**Exercise:**
Produce exactly the lines from the one holding "Leg Jumpsuit, Wine" through the last line of the data below, with every picture left out.

**Input material:**
┏━━

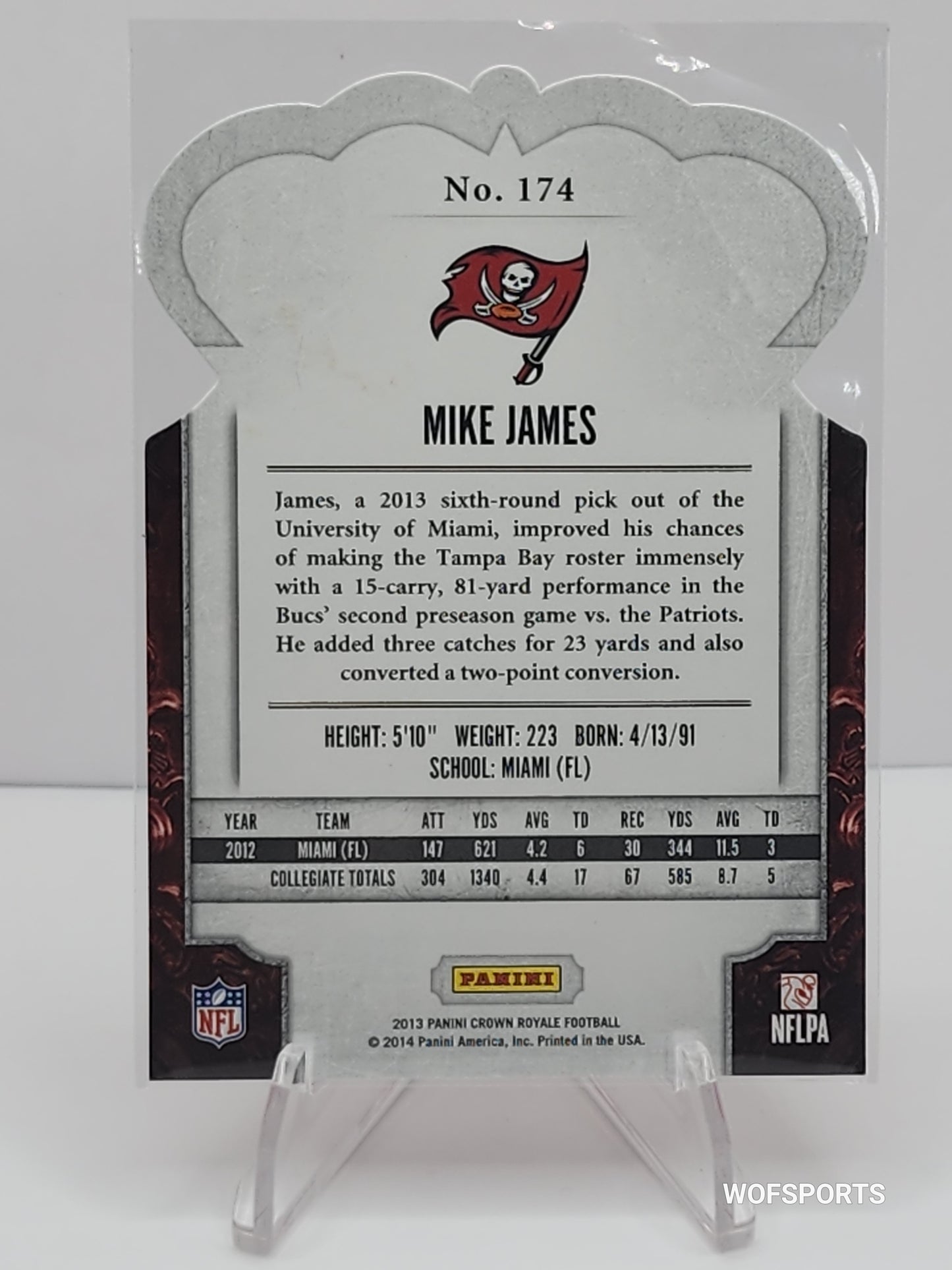 2013 Panini Crown Royale Retail Red Die-Cut Crown /99 Mike James #174 Rookie RC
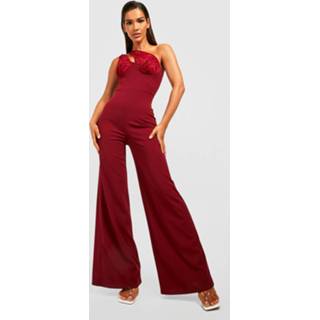 👉 Asymmetrische Kanten Wide Leg Jumpsuit, Wine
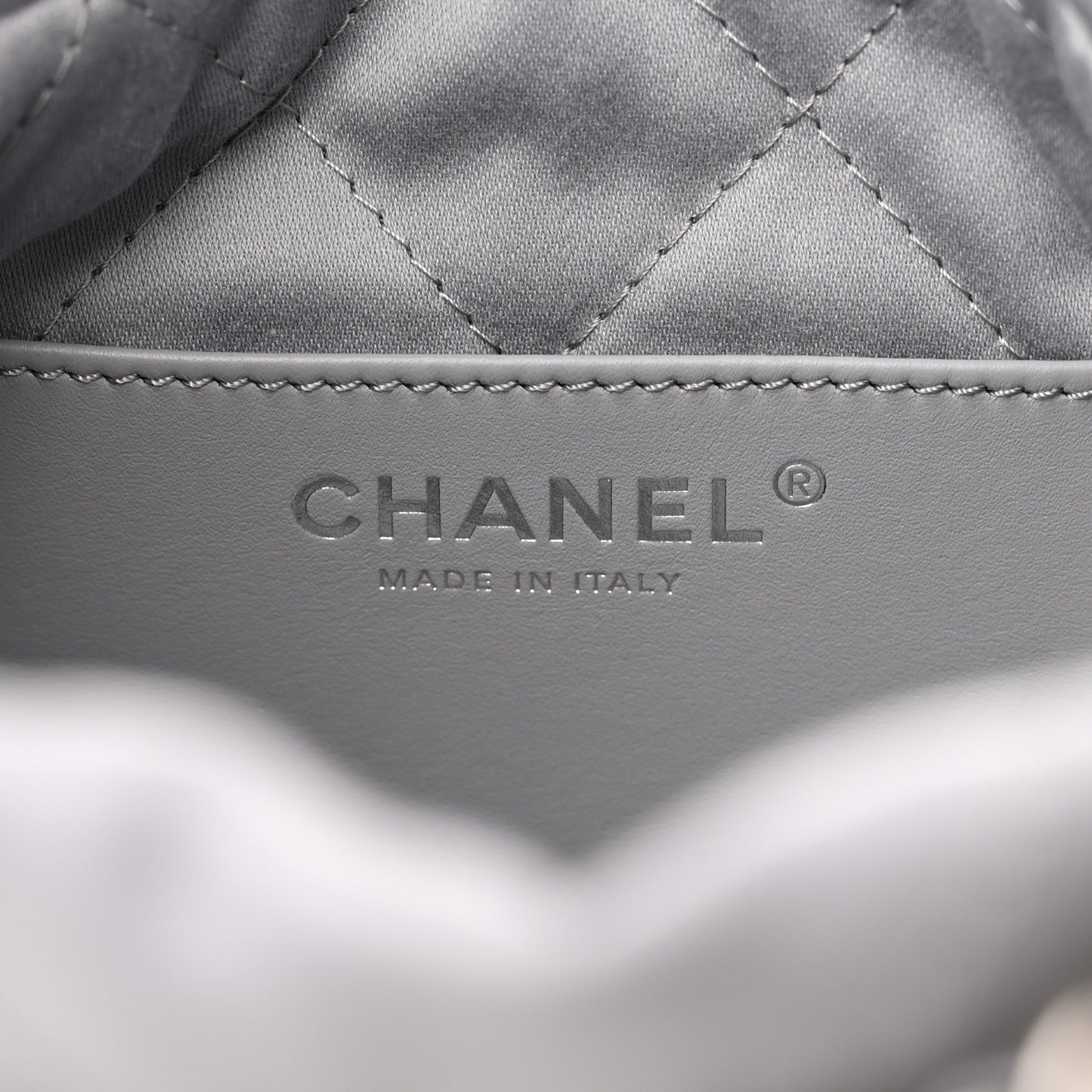 Shiny Calfskin Quilted Mini Chanel 22 Grey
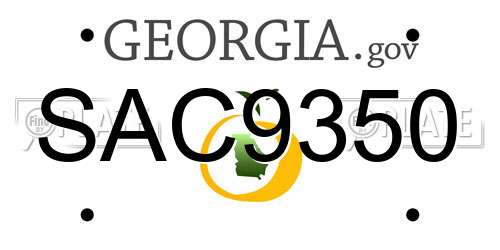 SAC9350 Georgia License Plate
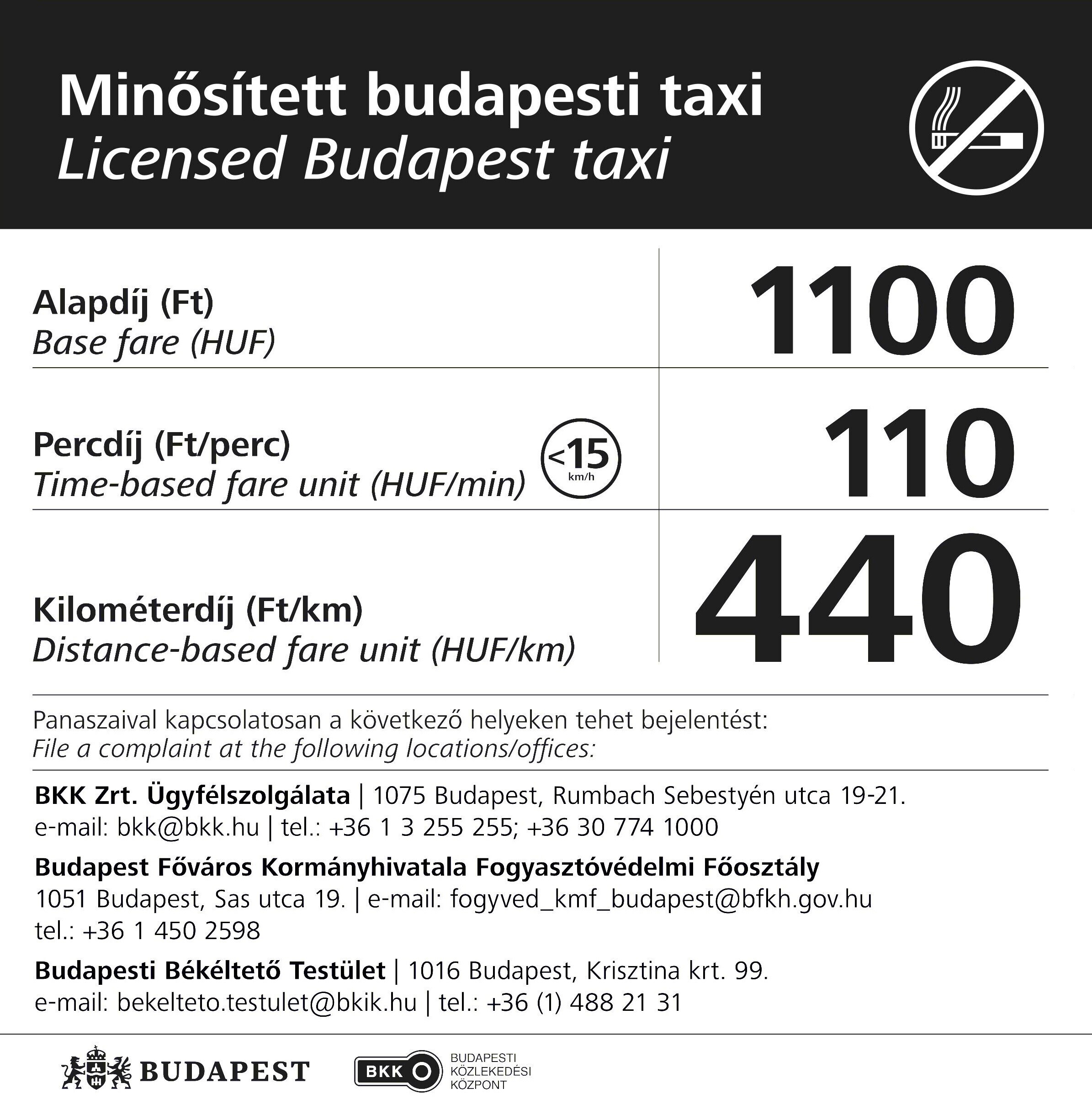 taxi tarifatáblázat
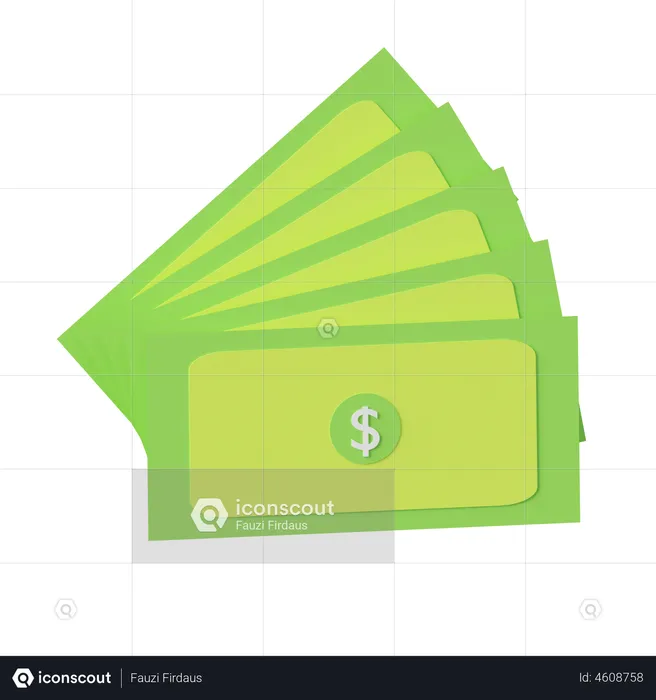 Stacked Banknotes  3D Icon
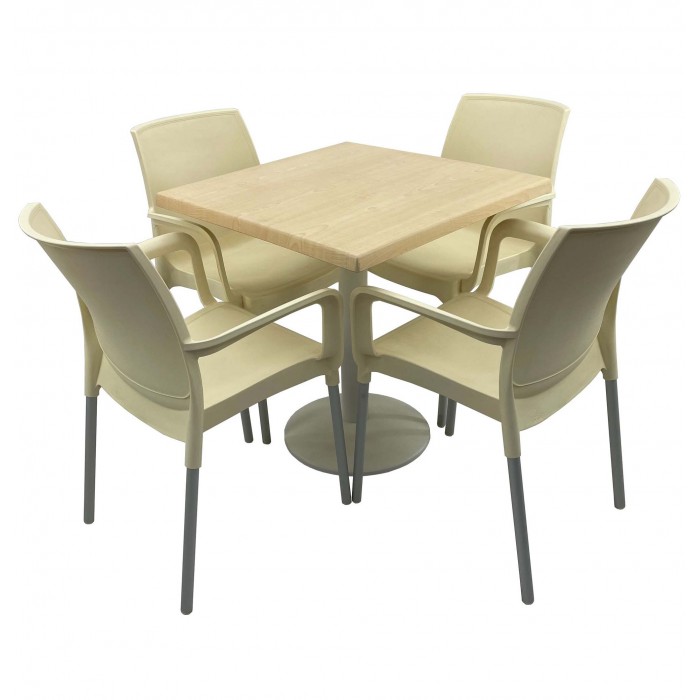 Set bistro de exterior, masa patrata 80x80cm RAKI MAPLE cu blat werzalit si baza metalica culoare alba si 4 scaune SUNSET crem
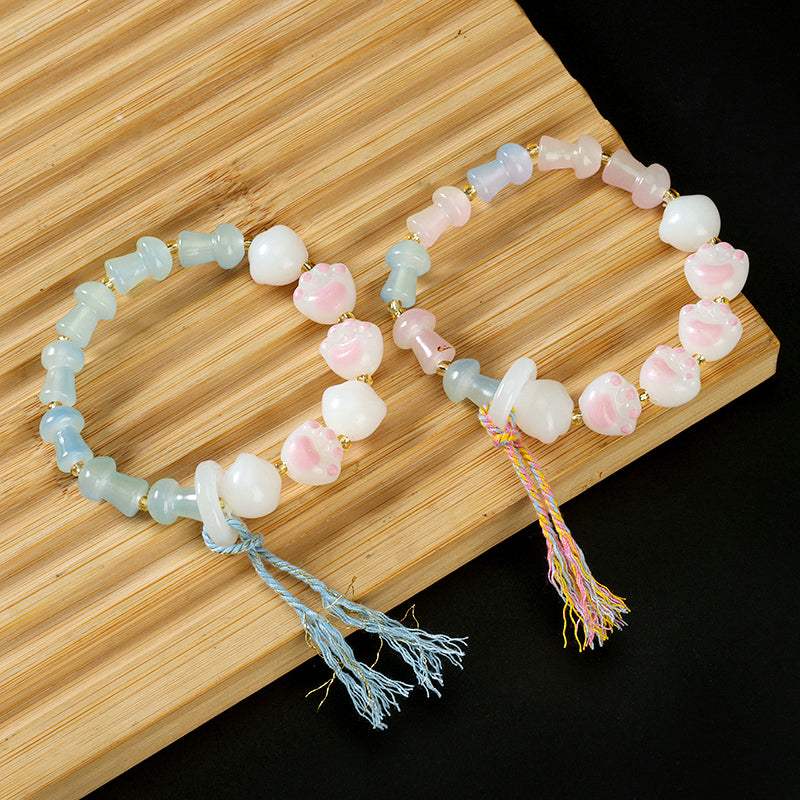 Two-Tone Mushroom Cat Claw Bracelet M.43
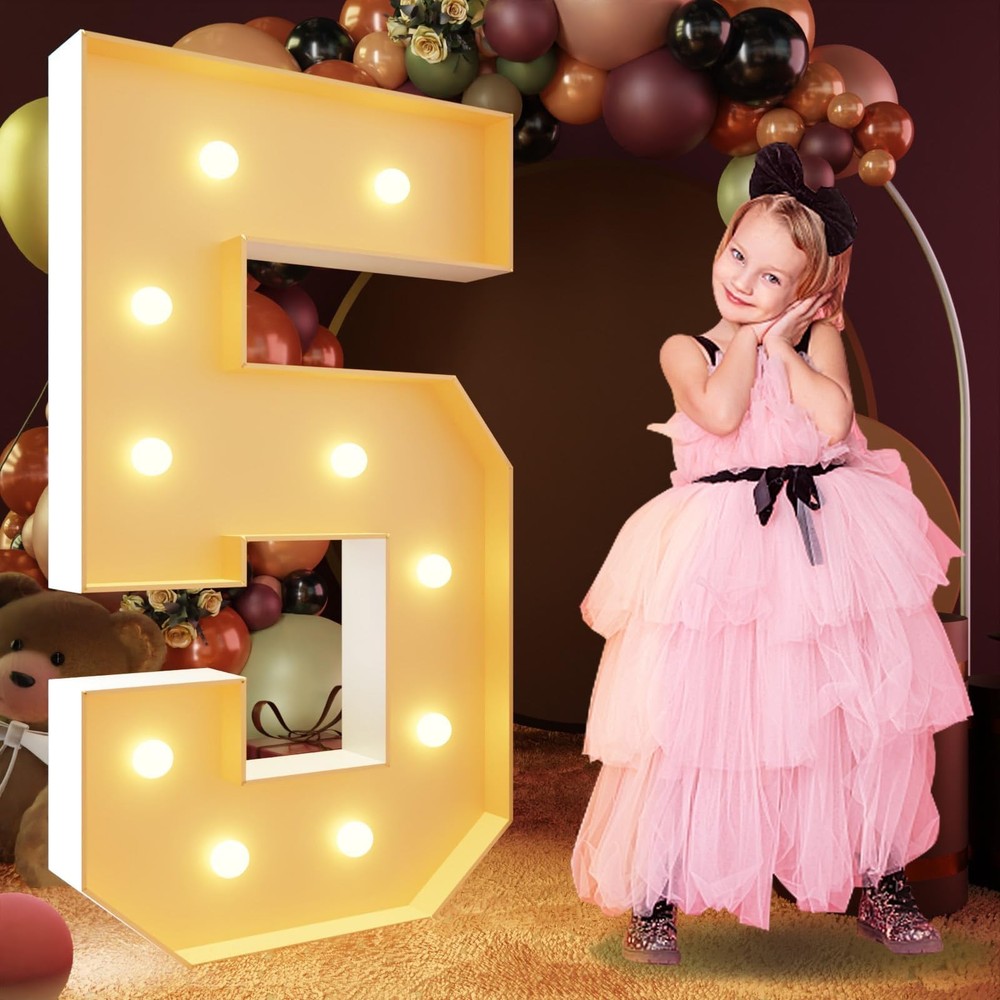 Marquee Numbers Light Up Number 5 Large 4FT Pre Cut Foam Board Kit Birthday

┗━━

**Task response:**
 👉 Asymmetrische Kanten Wide Leg Jumpsuit, Wine
 Shiny Calfskin Quilted Mini Chanel 22 Grey
 SAC9350 Georgia License Plate
 taxi tarifatáblázat
 Stacked Banknotes  3D Icon
 Set bistro de exterior, masa patrata 80x80cm RAKI MAPLE cu blat werzalit si baza metalica culoare alba si 4 scaune SUNSET crem
 Two-Tone Mushroom Cat Claw Bracelet M.43
 Marquee Numbers Light Up Number 5 Large 4FT Pre Cut Foam Board Kit Birthday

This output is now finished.